Dependency: cwltool
How Galaxy uses cwltool — every import, every API call, and whether those calls make sense for the migration.
Branch: cwl_on_tool_request_api_2
Dependency Overview
cwltool is the CWL reference runner. Galaxy uses it as a library, not a CLI — loading CWL documents, generating commands, staging files, and collecting outputs. Galaxy never runs cwltool as a subprocess.
All cwltool imports go through a single wrapper module (cwltool_deps.py) with try/except guards so cwltool remains an optional dependency. Only parser.py and schema.py call cwltool APIs directly.
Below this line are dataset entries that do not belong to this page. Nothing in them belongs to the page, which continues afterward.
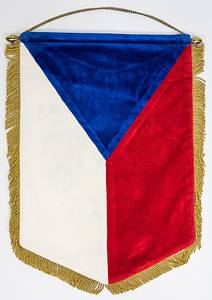  - Official match pennant of the Czech national football team for the international match against Turkey, featuring the silk-embroidered inscription "Turecko - Ceska Republika, 6.2.2013, Manisa". With gold brocade fringe and embroidered logos of both federations. Brass rod and chain. 41 x 28 cm --This pennant was awarded to Türkiye and the referees. The pennant came from one of the referees of this match. Condition: A- - Bild 3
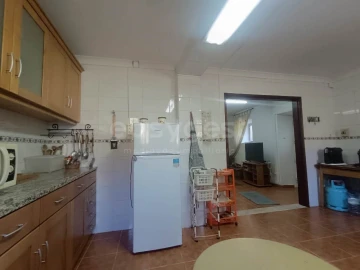 Moradia T4 para Venda em Madalena e Beselga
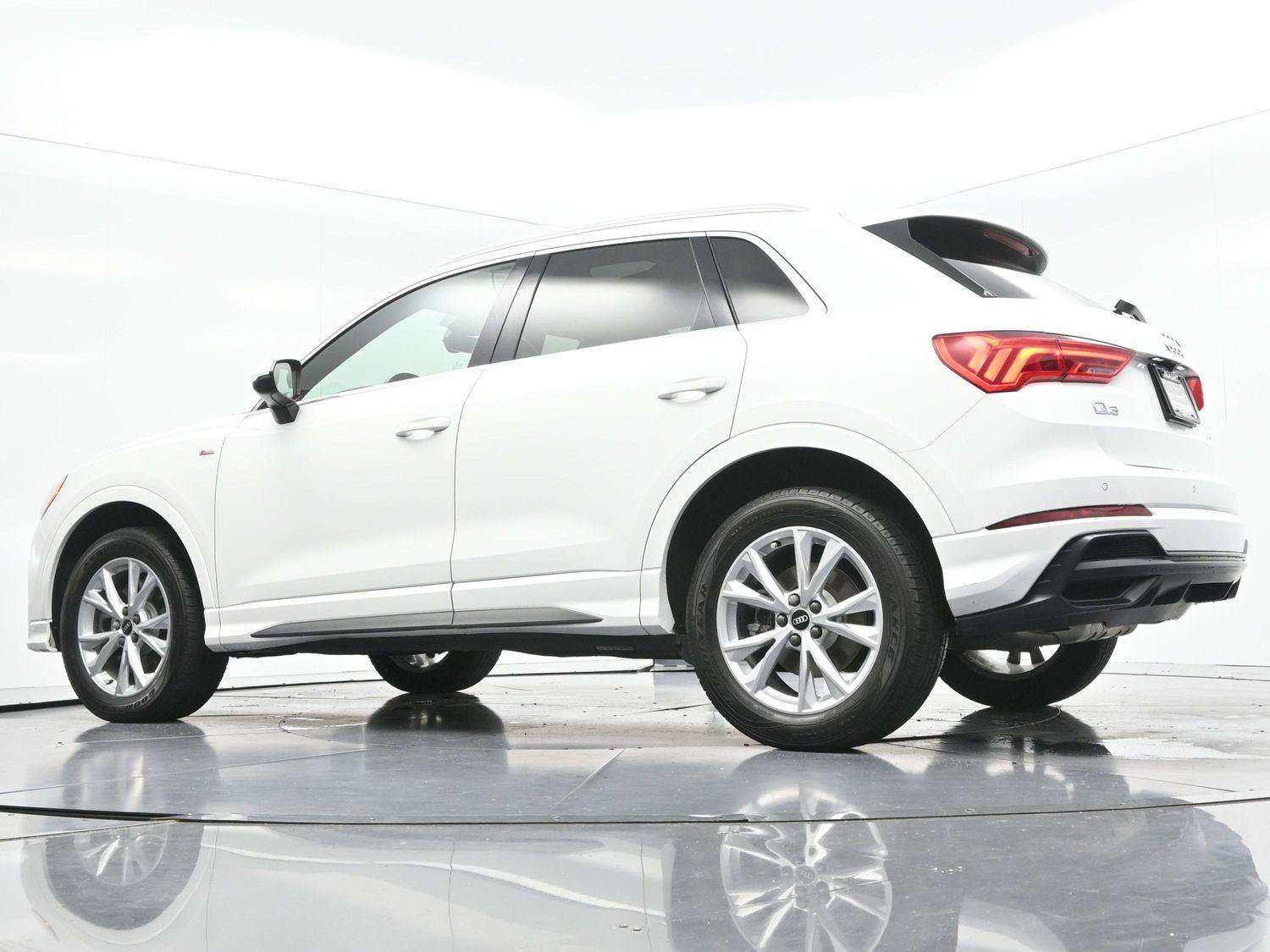 Used 2021 Audi Q3 2.0T Premium w/ Convenience Package AWD/4WD image 41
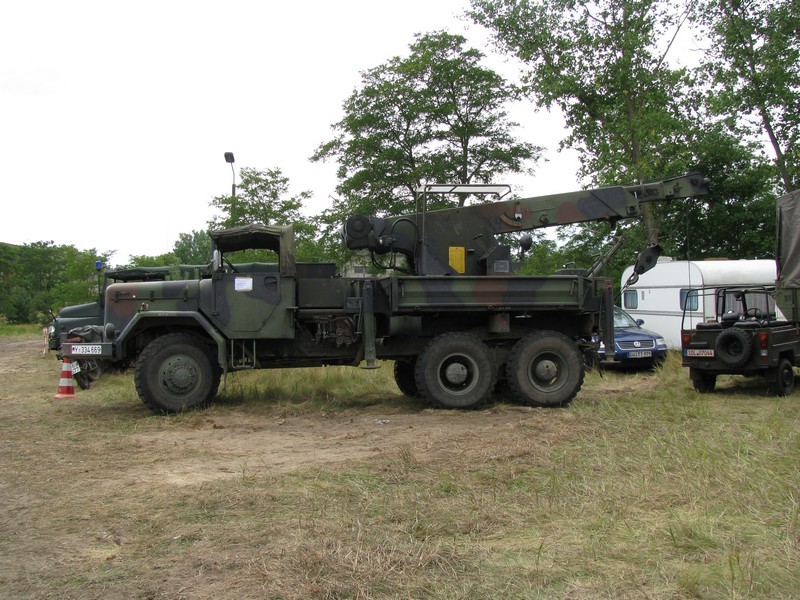 Lkw Magirus Deutz  Jupiter  der Bundeswehr als Kran- und Abschleppwagen beim 11. Perleberger Oldtimer- und Militrfahrzeugtreffen, Flugplatz Perleberg 12.07.2009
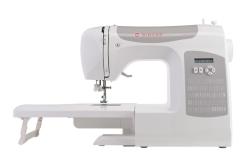 Nähmaschine in Weiß mit grauen Akzenten. Digitales Display und verschiedene Stichmuster.
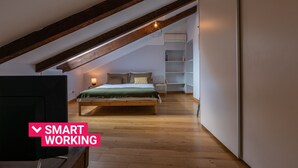 A bedroom with a loft bed, wooden beams, a TV, and a bedside table. - Barbaroux 10 - Luna by Wonderful Italy (Turin)
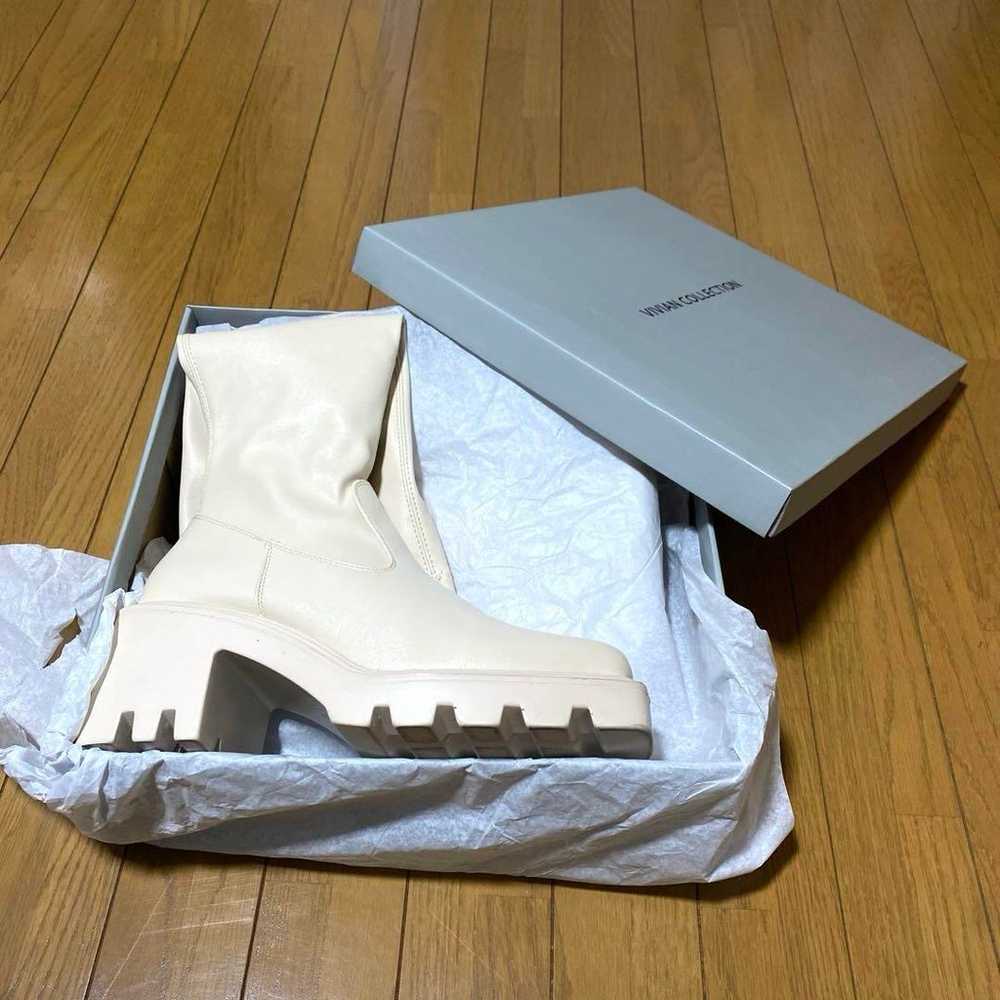 White long boots with thick soles, including box. - image 6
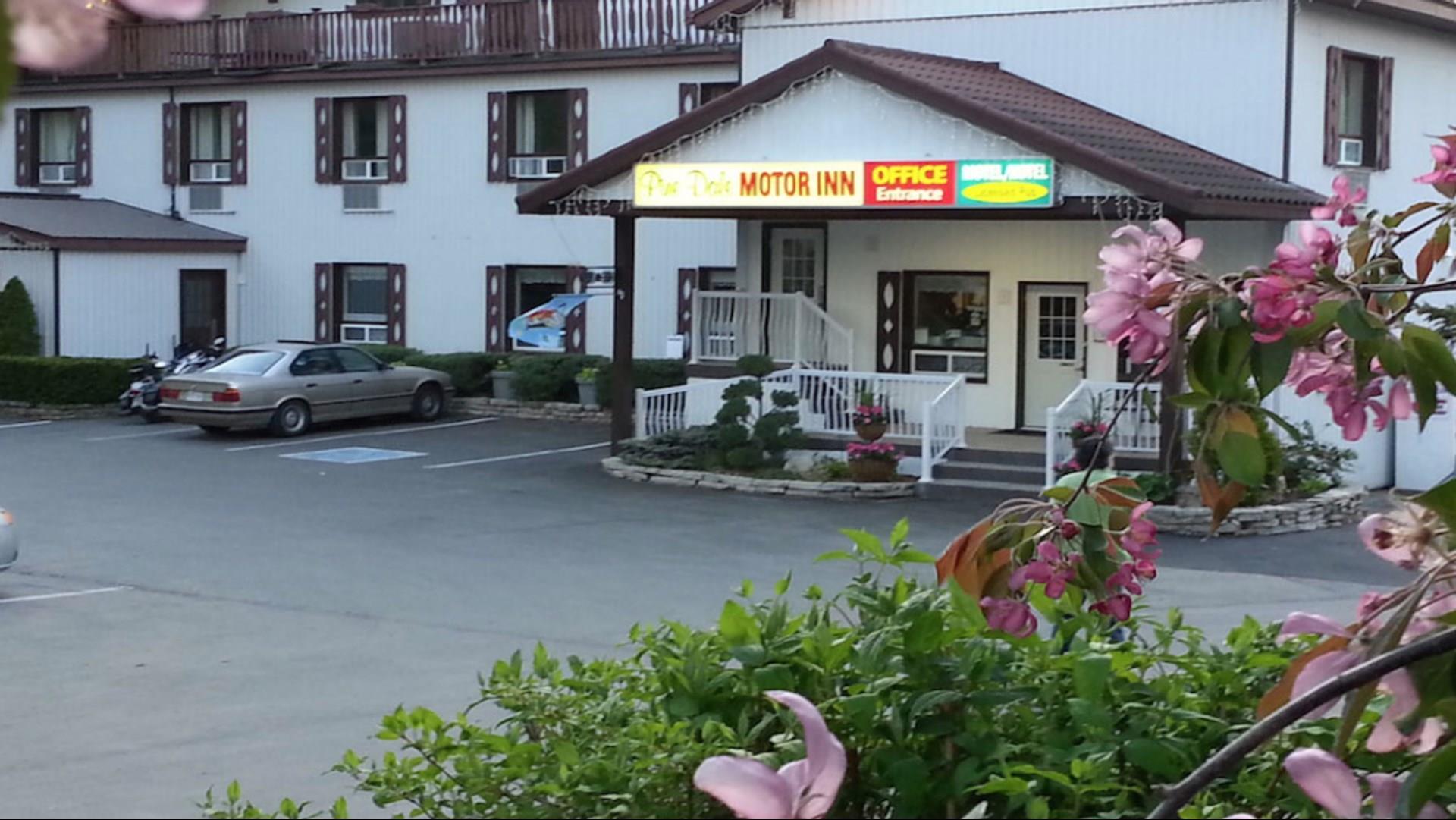 Pine Dale Motor Inn in Grand Bend, ON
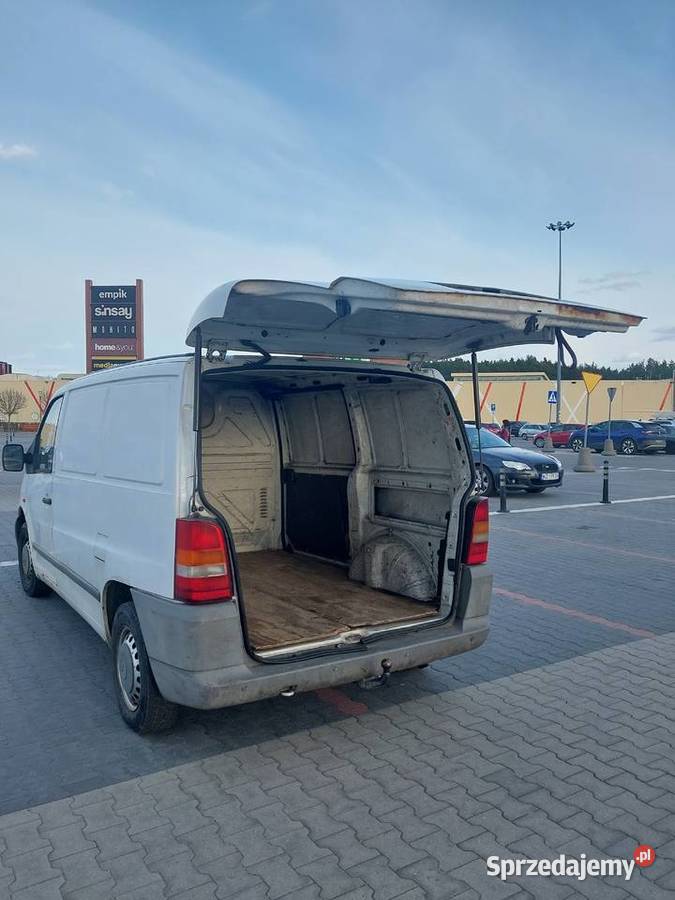 Sprzedam samochód dostawczy MB vito 638 9blaszak Mercedes-Benz Warszawa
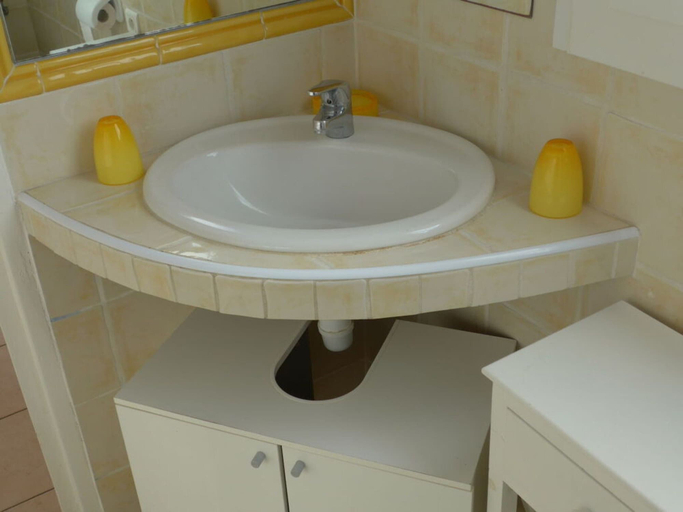 Bathroom 5, Cosy Holiday Home Near Town Centre, Var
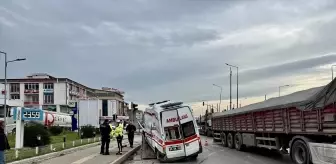 Samsun'da Ambulans ile Tır Çarpıştı: Şoför Yaralı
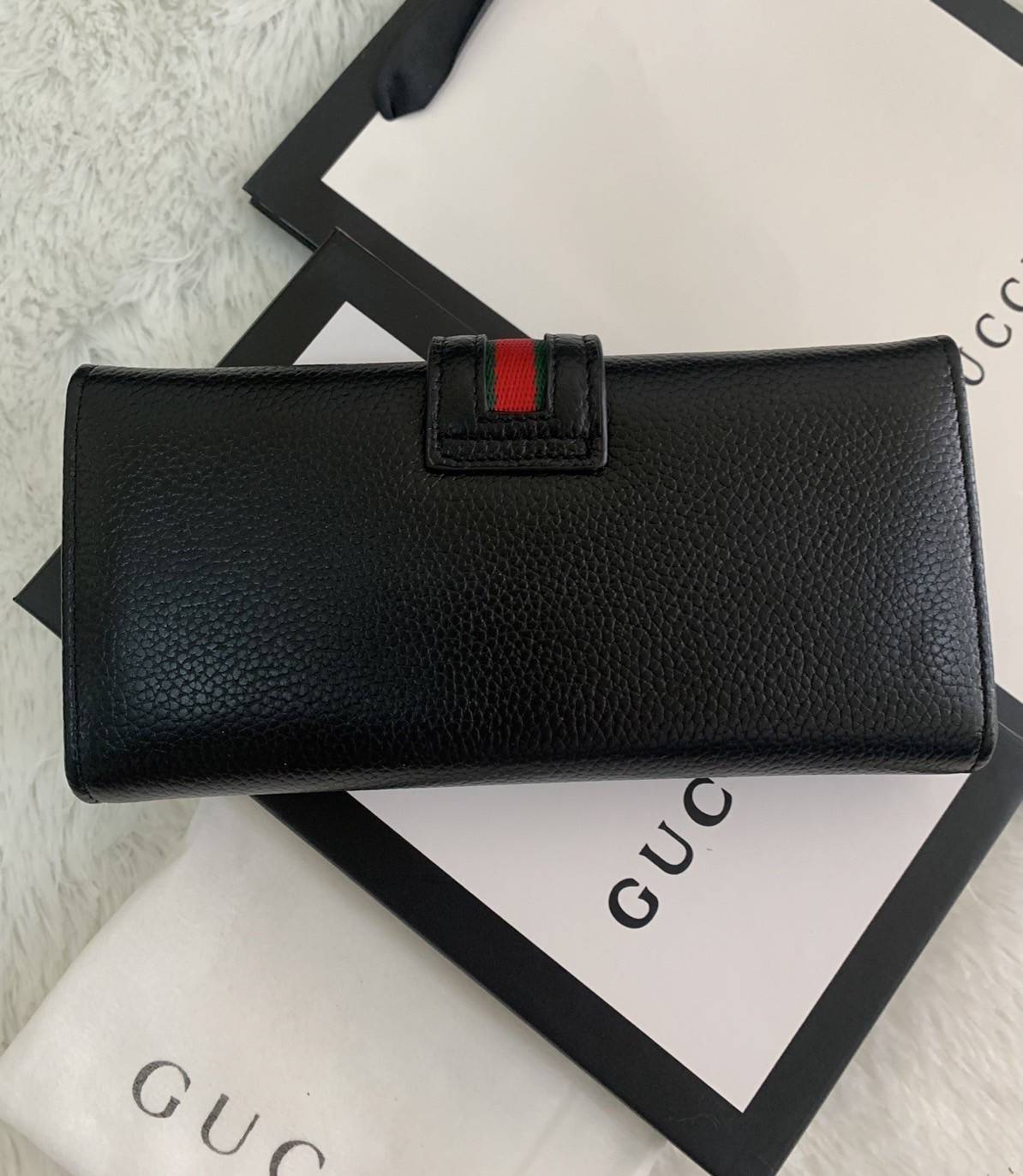 GUCCI Long Wallet / GUCCI MEN Long Wallet กระเป๋าสตางค์ใบยาว รุ่น unisex ใช้ได้ใช้ดีทั้งชายหญิง ดีไซน์ใหม่ สวยหรู วัสดุหนังแกะสังเคราะห์ อะไหล่ทอง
Everything else uses plain Python dicts that happen to match the CWL spec.
Package Dependencies
| Package | Purpose |
|---|---|
cwltool | CWL reference runner — loading, validation, command generation, output collection |
schema_salad | CWL schema library — URI resolution, YAML loading, source line tracking |
ruamel.yaml | YAML parsing (transitive via schema_salad) — CommentedMap type |
Import Inventory
cwltool_deps.py — The Single Import Gateway
All cwltool access flows through lib/galaxy/tool_util/cwl/cwltool_deps.py:
| Import | Source | Used By |
|---|---|---|
main | cwltool | Availability check only |
pathmapper | cwltool | JobProxy.stage_files() — PathMapper constructor |
process | cwltool | fill_in_defaults(), stage_files() |
workflow | cwltool | Type hint for Workflow objects |
getdefault | cwltool.context | Filesystem access factory default |
LoadingContext | cwltool.context | CWL document loading configuration |
RuntimeContext | cwltool.context | Job execution configuration |
relink_initialworkdir | cwltool.job | InitialWorkDirRequirement handling |
StdFsAccess | cwltool.stdfsaccess | Filesystem access for fill_in_defaults() |
load_tool | cwltool | fetch_document(), make_tool() |
command_line_tool | cwltool | Imported but not directly referenced |
default_loader | cwltool.load_tool | Raw YAML/JSON document loader |
resolve_and_validate_document | cwltool.load_tool | CWL document validation |
Process | cwltool.process | Base class type hint |
CWLObjectType | cwltool.utils | Type alias for CWL data dicts |
JobsType | cwltool.utils | Type alias for Job objects |
normalizeFilesDirs | cwltool.utils | Imported but not referenced in Galaxy code |
visit_class | cwltool.utils | Recursive CWL object visitor |
ref_resolver | schema_salad | URI↔path conversion |
sourceline | schema_salad | add_lc_filename() for in-memory CWL objects |
yaml_no_ts | schema_salad.utils | YAML loading without timestamp parsing |
CommentedMap | ruamel.yaml.comments | Type for parsed CWL documents |
Also: beta_relaxed_fmt_check = True (constant) and needs_shell_quoting (regex).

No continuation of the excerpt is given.